REQUIRED ACTION :: The required output is a verbatim transcription of the listing, pictures excluded.

AVAILABLE RECORDS ::
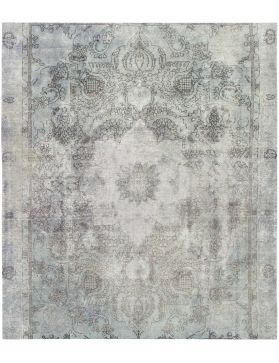 Quadrat  Vintage Teppich  grau <br/>260 x 227 cm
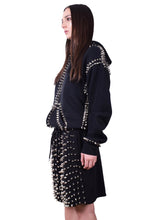 Load image into Gallery viewer, Studmuffin NYC Spike Hoodie 2.0 Zip Up- More Colors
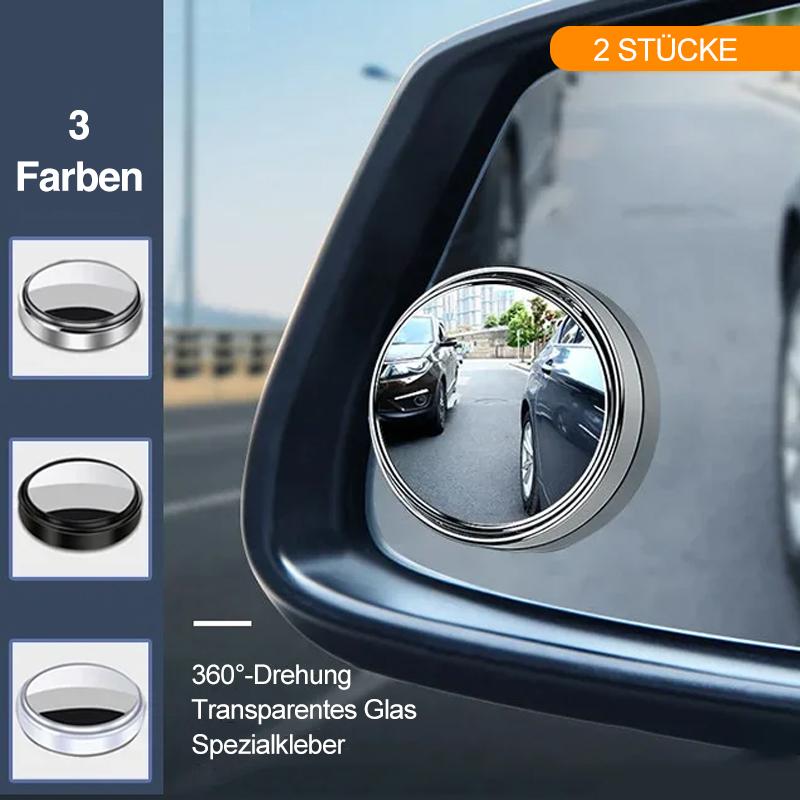 360-Grad-Auto-Rückansicht kleiner runder Spiegel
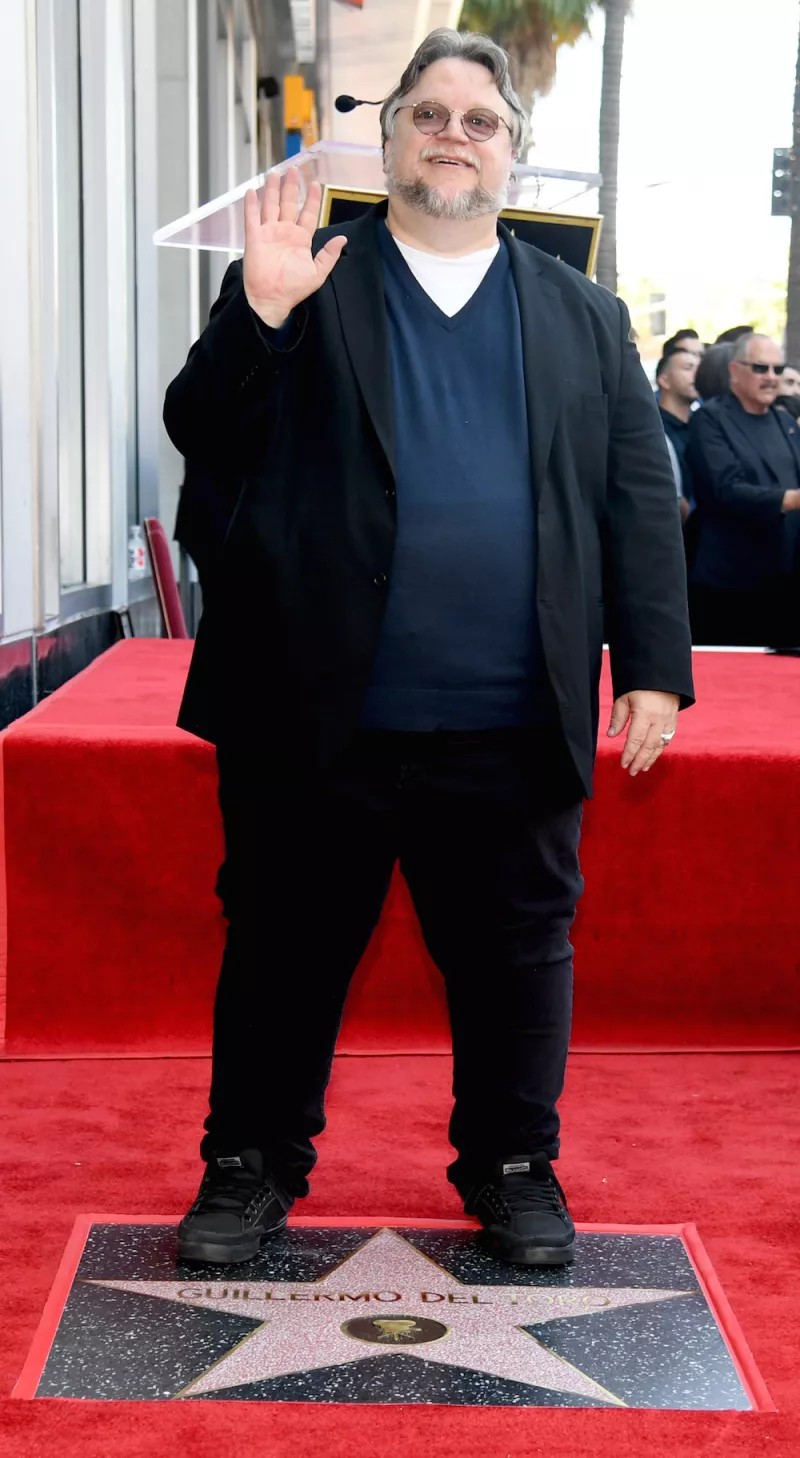 Guillermo del Toro Honored With Star On The Hollywood Walk Of Fame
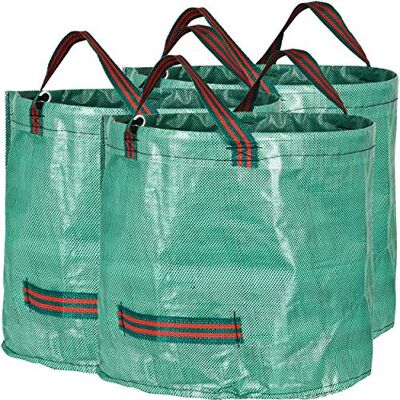 GardenMate 3x Bolsas de basura de jardín, polipropileno (PP), 60L GardenMate 3x Bolsas de basura de jardín, polipropileno (PP), 60L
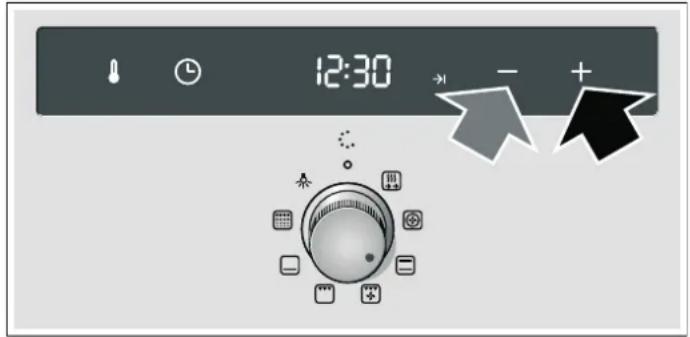 Junker JB23PP50 - Heure de fin de cuisson - 2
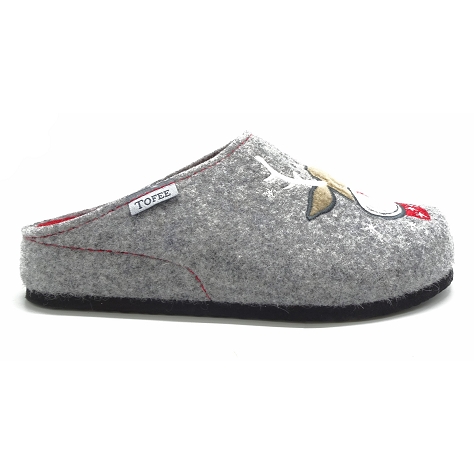 Longo chaussons 1061065 gris8605801_2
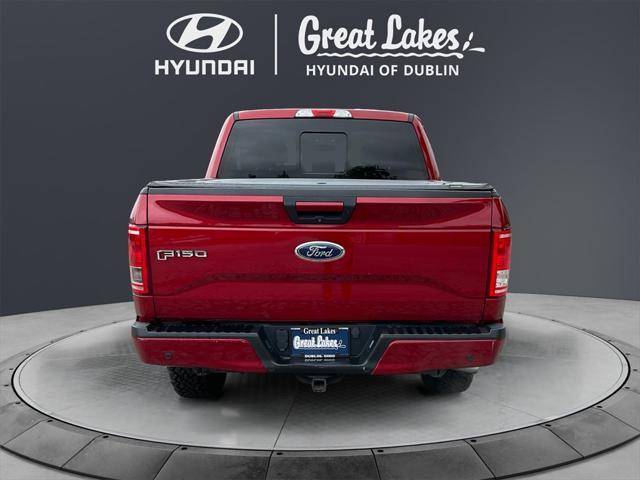 used 2016 Ford F-150 car, priced at $13,766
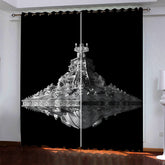 2025 NEW Star Wars Curtains Pattern Blackout Window Drapes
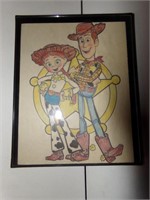 Toy Story Framed Picture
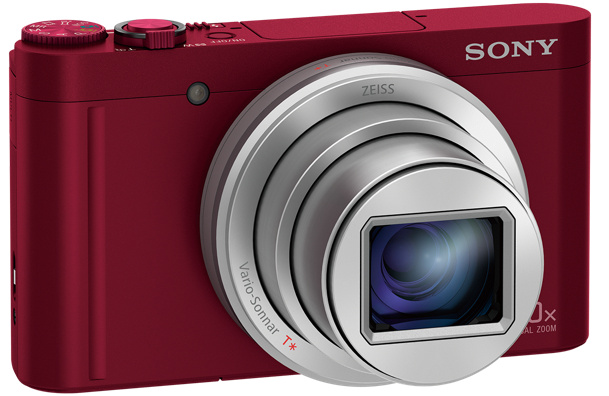 Sony DSC-WX500 červený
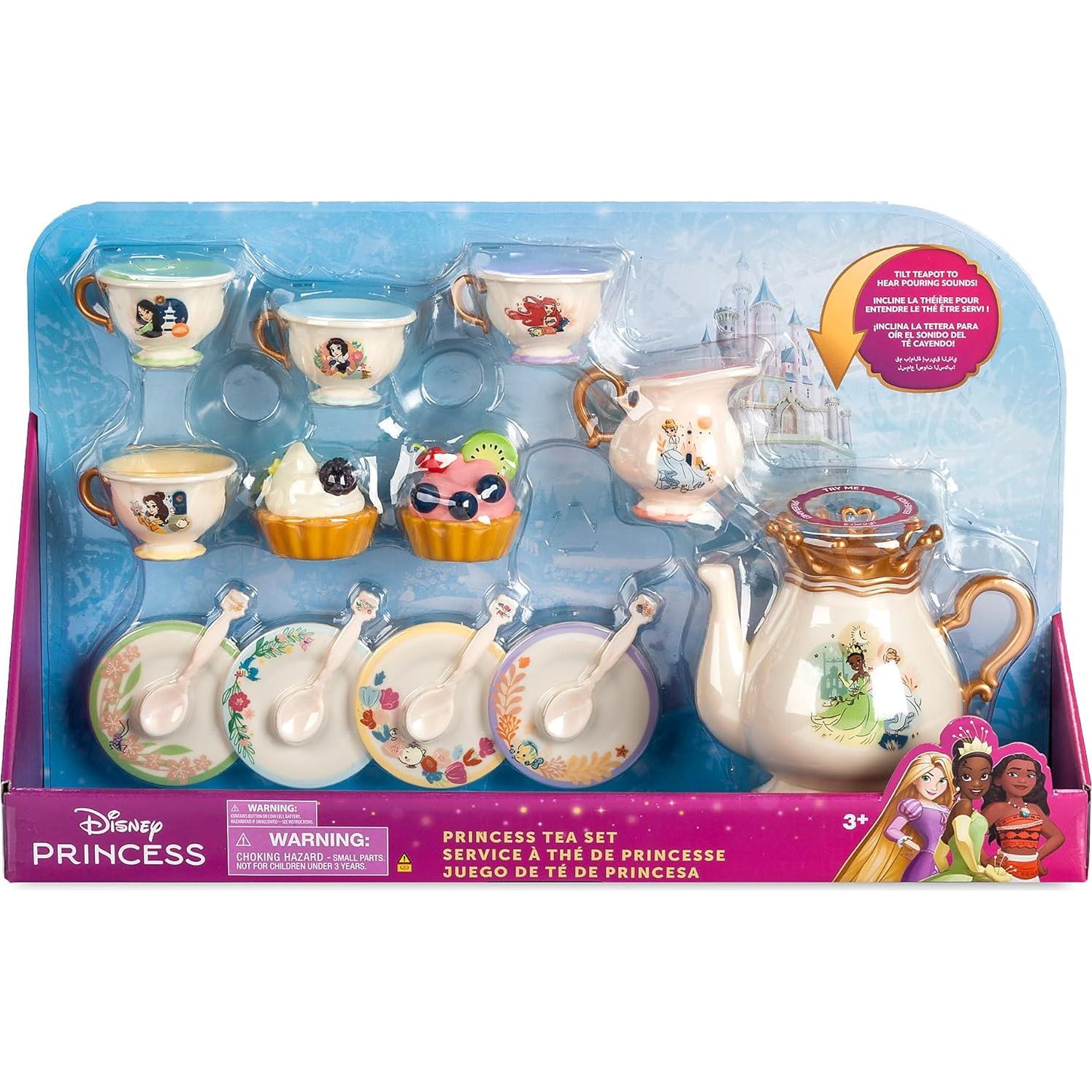 Juego de Té Disney Princesas 16 Piezas con Sonidos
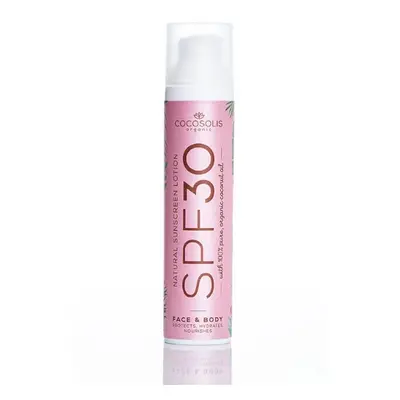 Opalovací krém SPF30 Cocosolis Organic 100ml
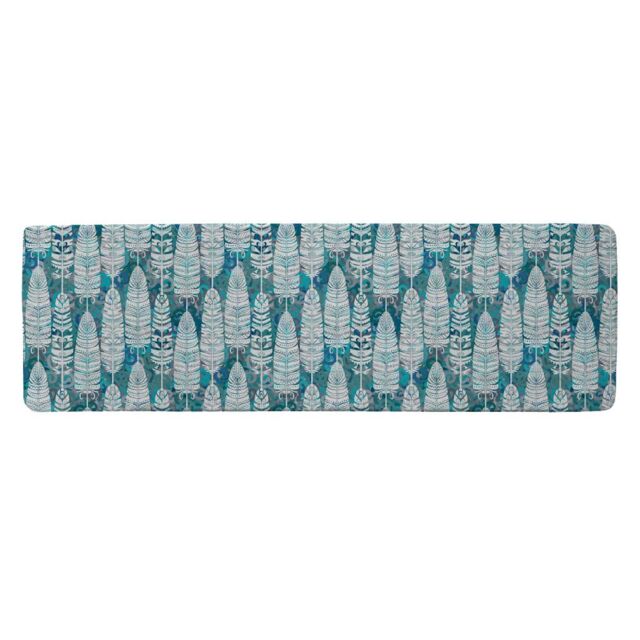 Benjamin Tate Design Tribal Art Animal Runner Rug in Natural - Size: 67 cm x 230 cm - image 1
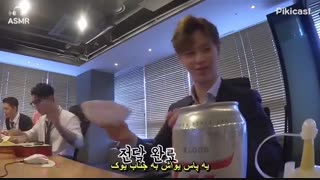 وقتی مامان میخوابه با حضور btob  با زیرنویس فارسی چسبیده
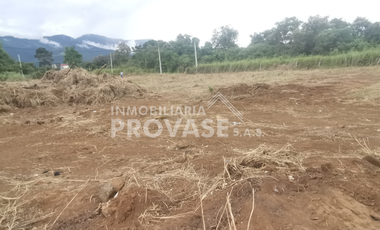 lote en venta en vereda corozal. Cod V102957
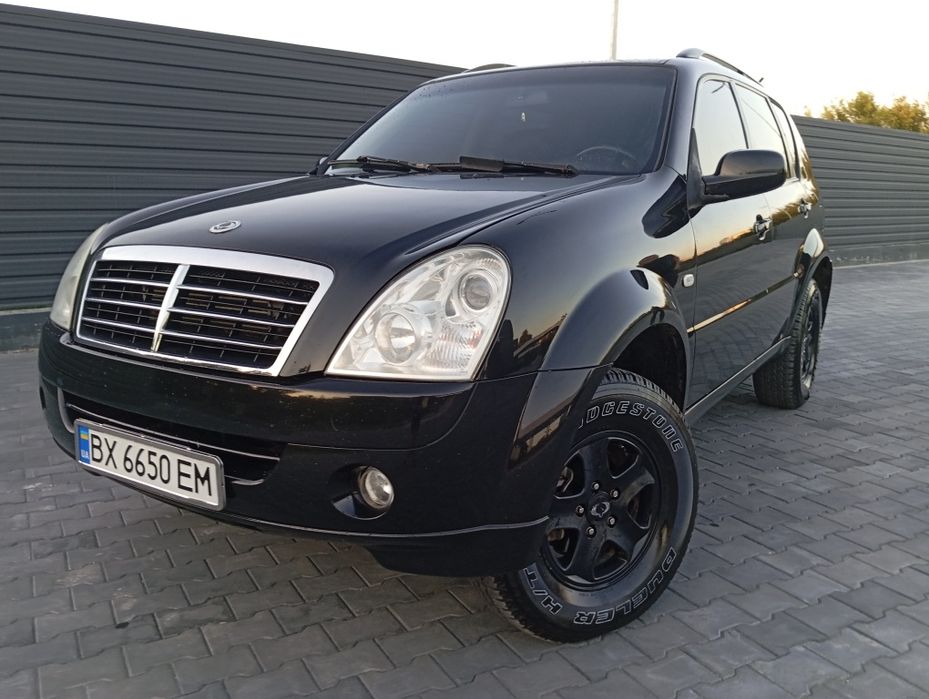 Ssangyong rexton 2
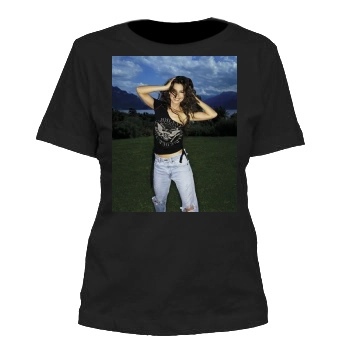 Shania Twain Women's Cut T-Shirt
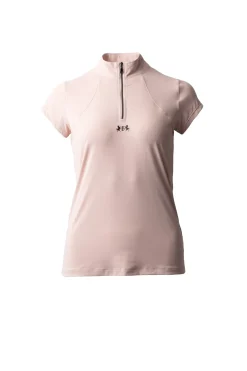 B Vertigo Joelle Damen-Trainingsshirt mit kurzen Ärmeln, UPF 40+*Damen Shirts & Polos Für Damen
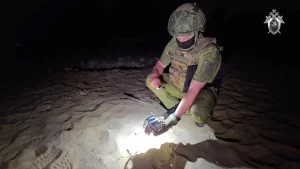 Українська атака на пляж у російському Курську забрала життя трьох людей, повідомляє губернатор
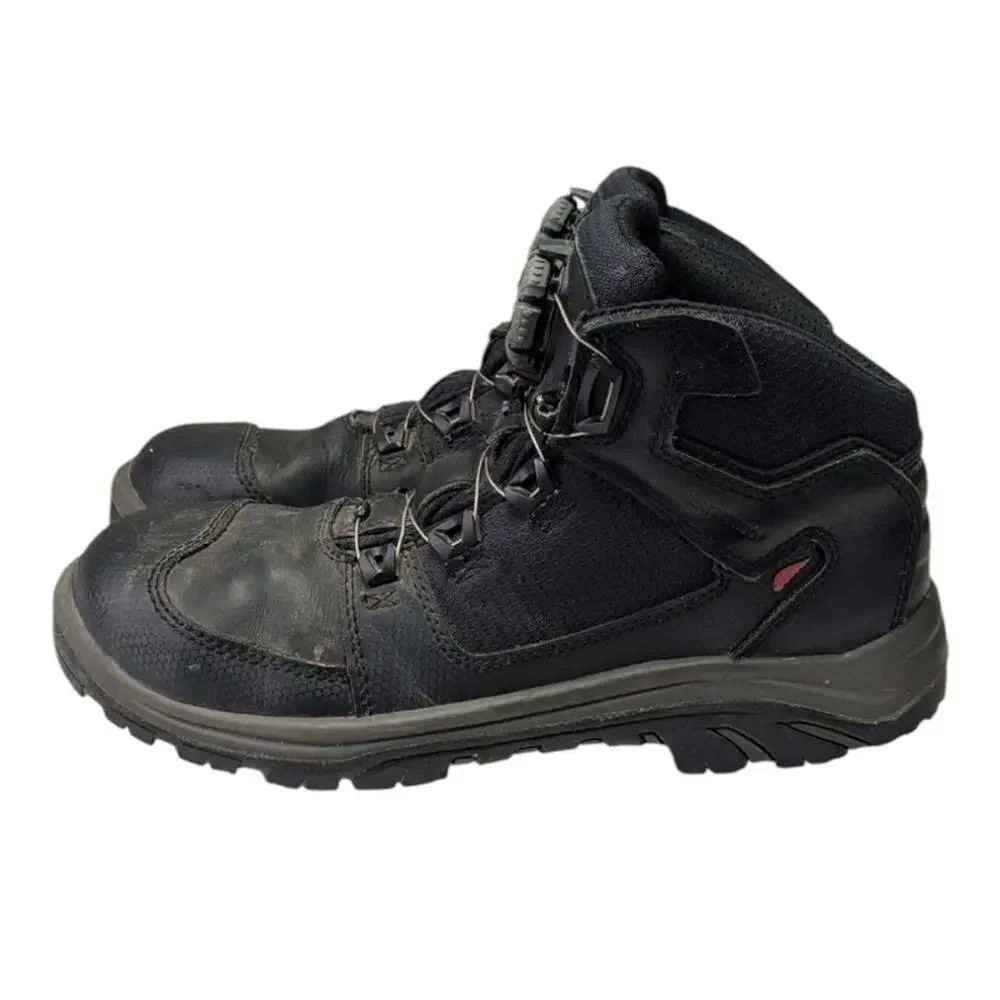 Red Wing Tradesman Waterproof 6614  Safety Toe Boots 6614 $275 Size 10D    S3988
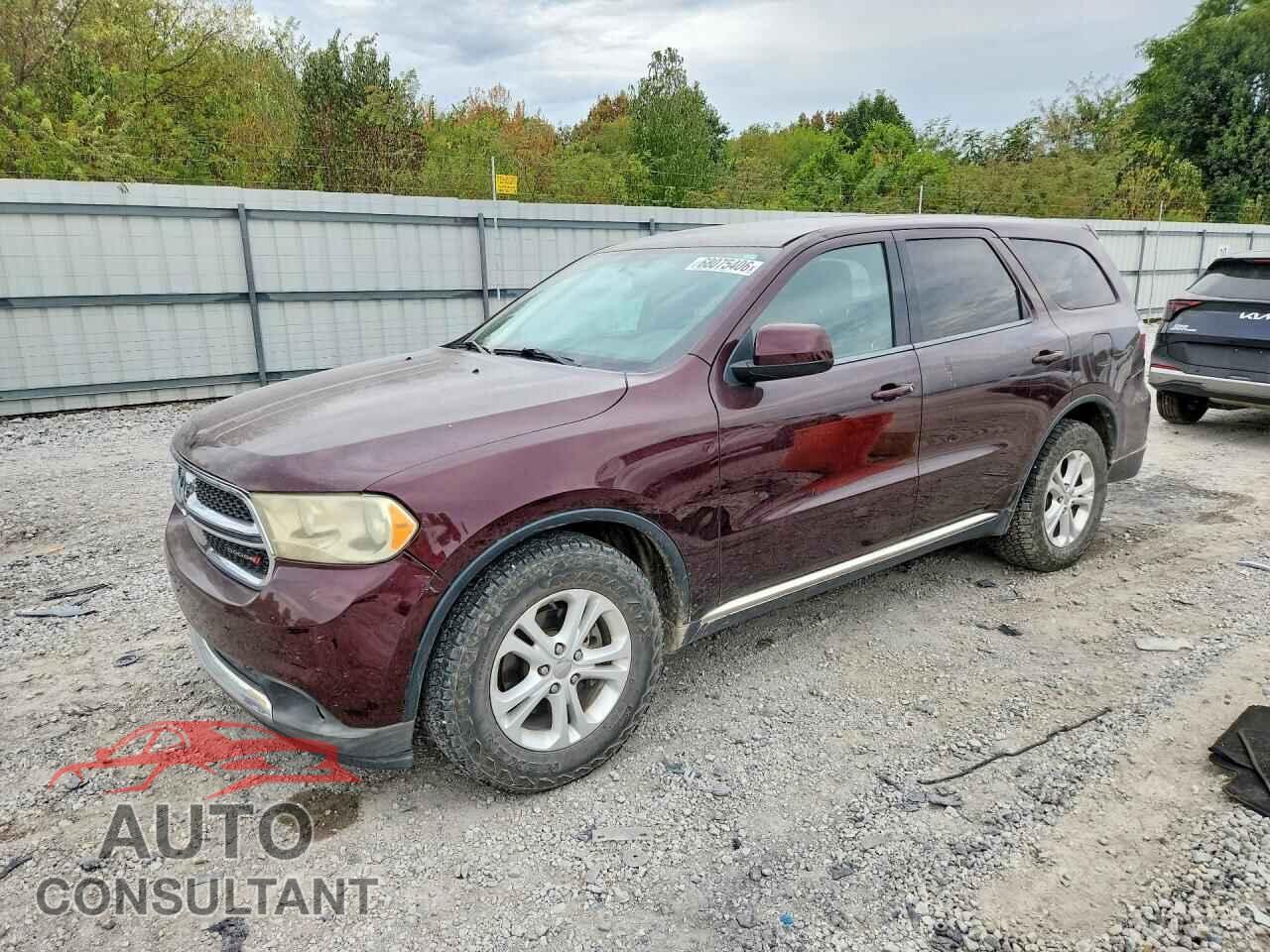 DODGE DURANGO 2012 - 1C4RDHAG0CC335736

TASK RESPONSE ::
 Quadrat  Vintage Teppich  grau <br/>260 x 227 cm
 Load image into Gallery viewer, Studmuffin NYC Spike Hoodie 2.0 Zip Up- More Colors
 360-Grad-Auto-Rückansicht kleiner runder Spiegel
 Guillermo del Toro Honored With Star On The Hollywood Walk Of Fame
 GardenMate 3x Bolsas de basura de jardín, polipropileno (PP), 60L GardenMate 3x Bolsas de basura de jardín, polipropileno (PP), 60L
 Junker JB23PP50 - Heure de fin de cuisson - 2
 Longo chaussons 1061065 gris8605801_2
 used 2016 Ford F-150 car, priced at $13,766
 2025 NEW Star Wars Curtains Pattern Blackout Window Drapes
 Toy Story Framed Picture
 Sony DSC-WX500 červený
 Juego de Té Disney Princesas 16 Piezas con Sonidos
 Opalovací krém SPF30 Cocosolis Organic 100ml
 Benjamin Tate Design Tribal Art Animal Runner Rug in Natural - Size: 67 cm x 230 cm - image 1
 وقتی مامان میخوابه با حضور btob  با زیرنویس فارسی چسبیده
 lote en venta en vereda corozal. Cod V102957
 Ssangyong rexton 2
 Shania Twain Women's Cut T-Shirt
 B Vertigo Joelle Damen-Trainingsshirt mit kurzen Ärmeln, UPF 40+*Damen Shirts & Polos Für Damen
 Українська атака на пляж у російському Курську забрала життя трьох людей, повідомляє губернатор
 Red Wing Tradesman Waterproof 6614  Safety Toe Boots 6614 $275 Size 10D    S3988
 DODGE DURANGO 2012 - 1C4RDHAG0CC335736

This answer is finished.